▶ _What you have to do_: The material below holds pictures; leave them out and reproduce exactly the lines from the one with "Στην Ελλάδα το" through the one with "Luftridå höger VW", inclusive.

▶ _Records for this task_:
========
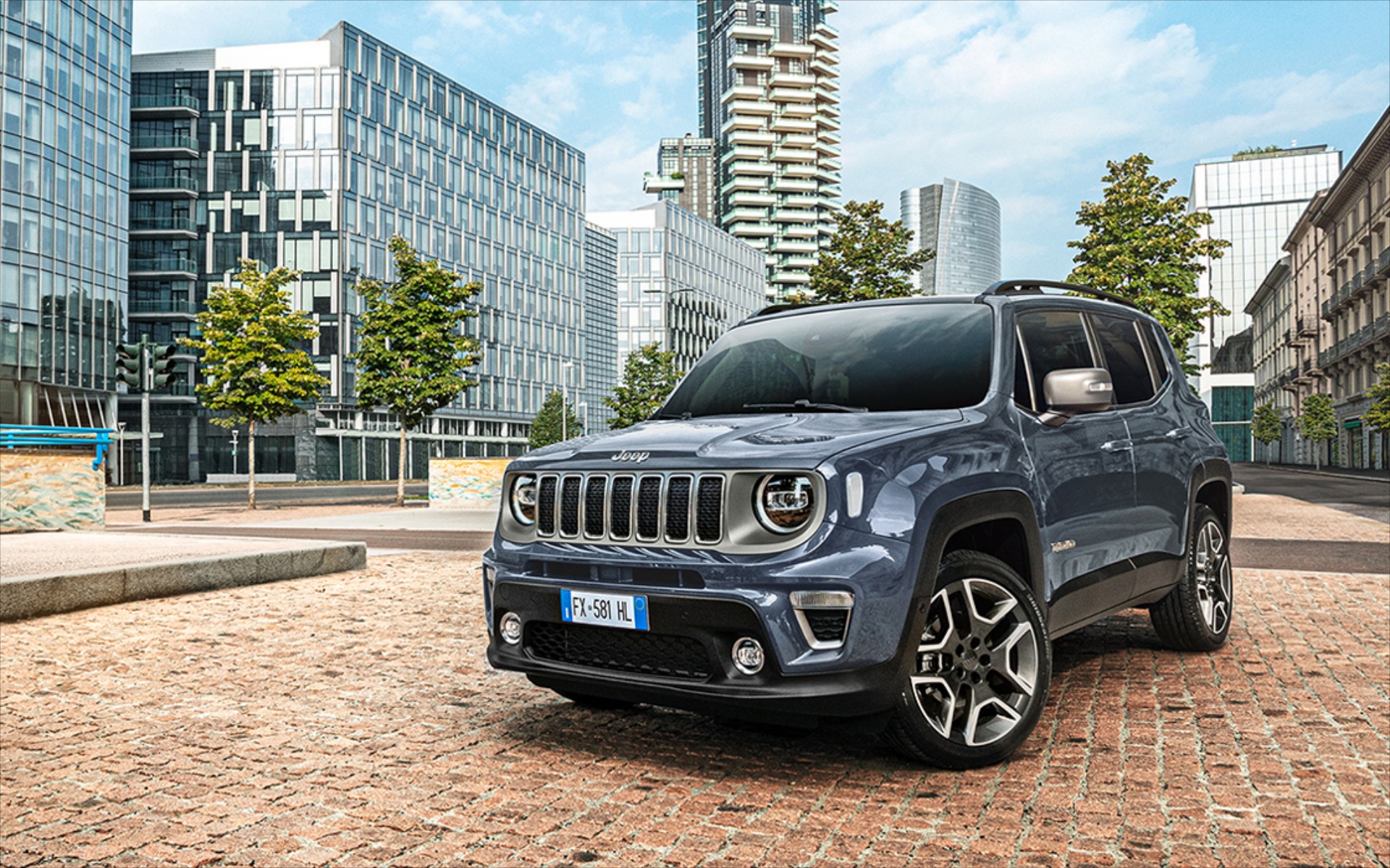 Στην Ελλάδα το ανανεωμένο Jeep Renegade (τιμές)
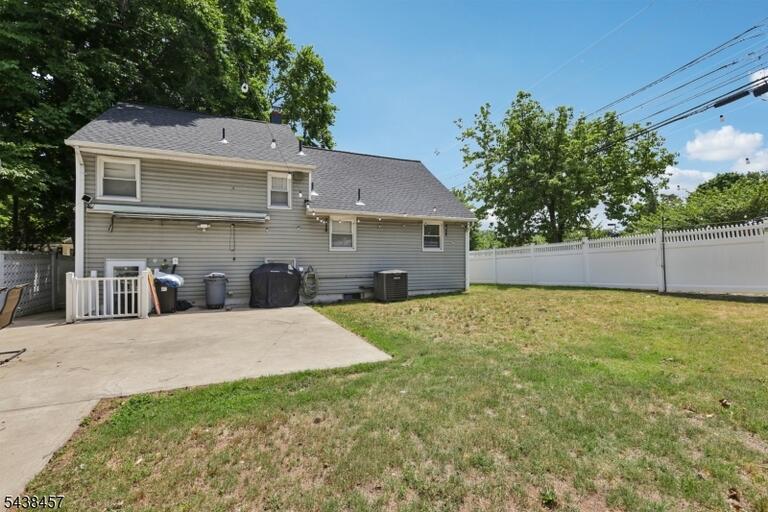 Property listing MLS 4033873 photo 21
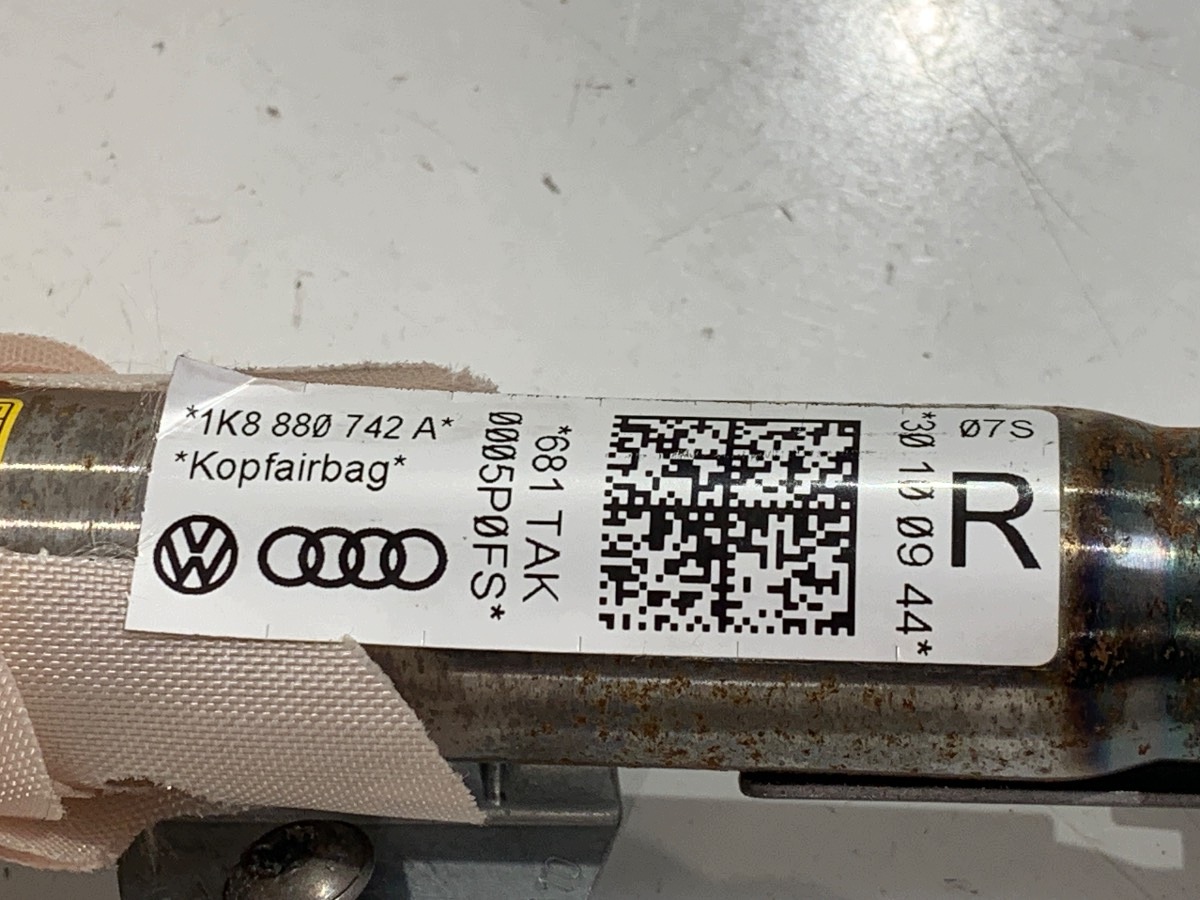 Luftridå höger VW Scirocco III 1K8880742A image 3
========
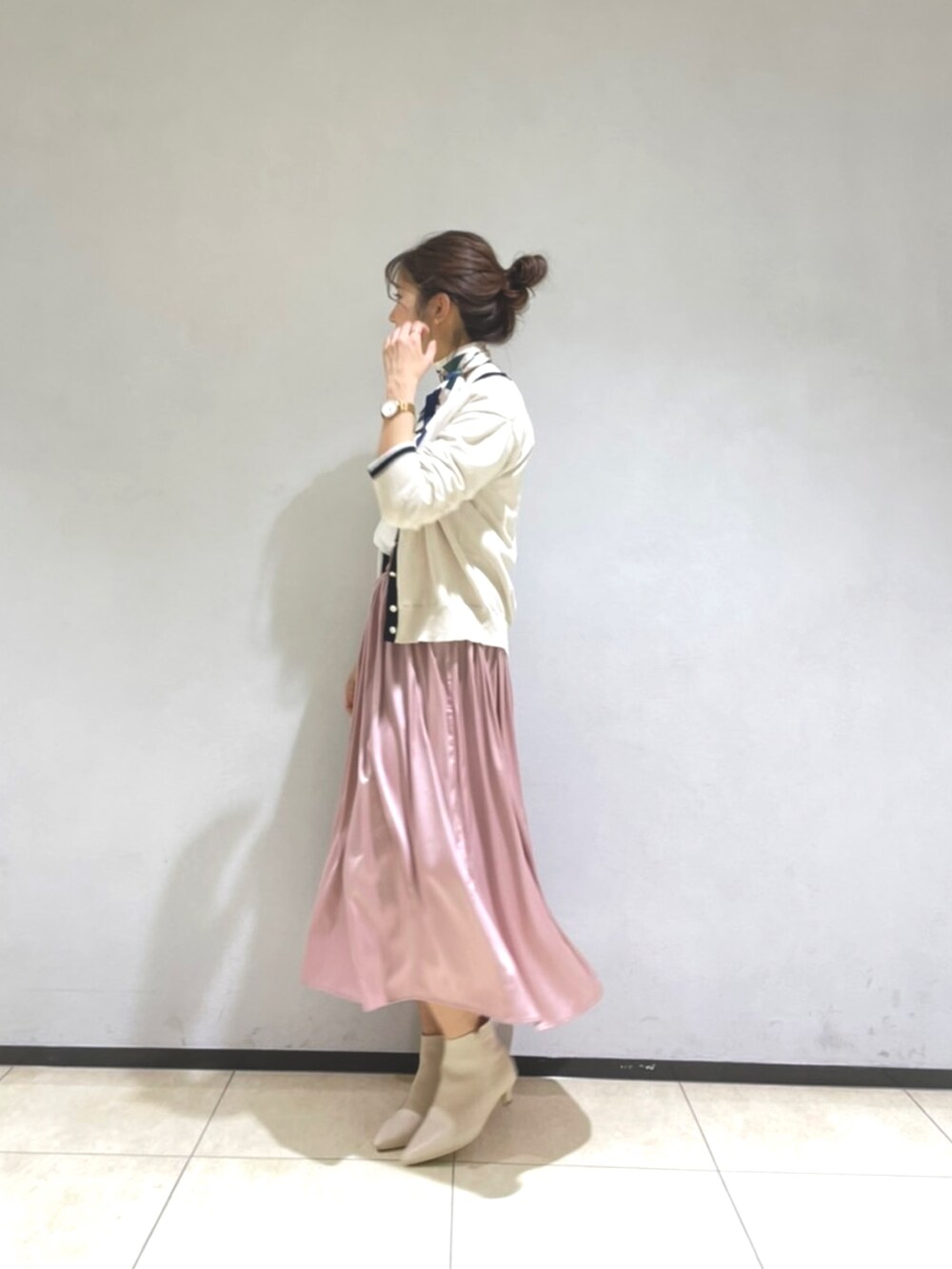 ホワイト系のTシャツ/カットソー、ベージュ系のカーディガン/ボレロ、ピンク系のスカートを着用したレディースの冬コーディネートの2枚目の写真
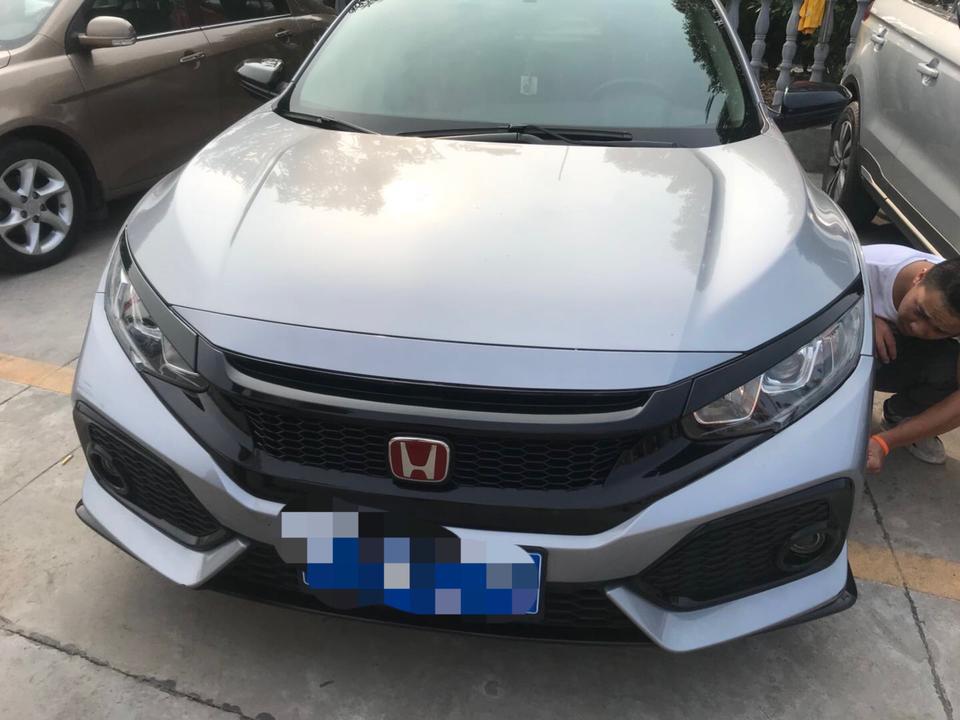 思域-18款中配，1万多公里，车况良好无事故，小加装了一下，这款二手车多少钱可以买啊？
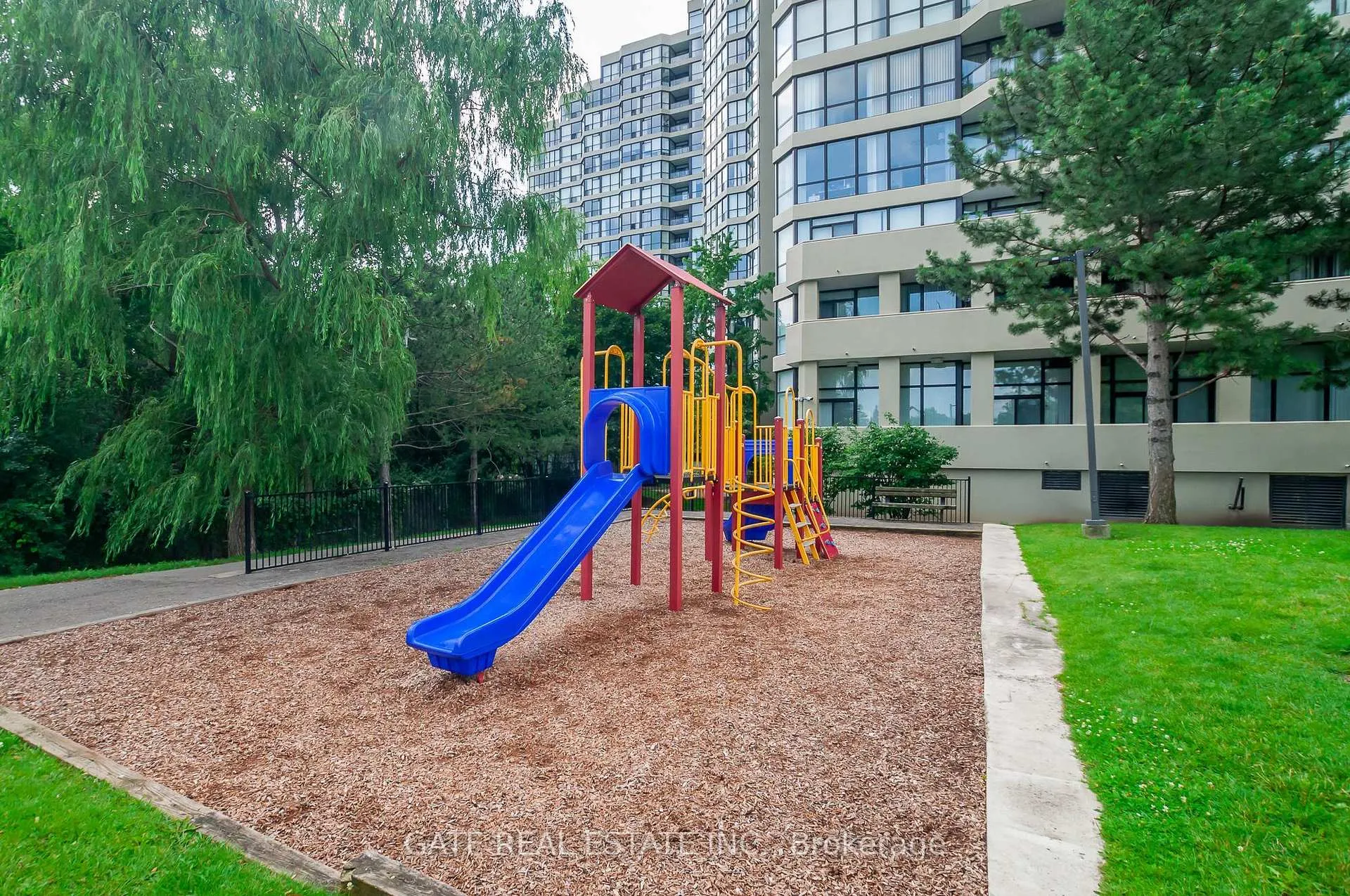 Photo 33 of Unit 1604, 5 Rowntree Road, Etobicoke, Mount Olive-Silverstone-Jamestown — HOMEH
========
▶ _Answer section_:
 Στην Ελλάδα το ανανεωμένο Jeep Renegade (τιμές)
 Property listing MLS 4033873 photo 21
 Luftridå höger VW Scirocco III 1K8880742A image 3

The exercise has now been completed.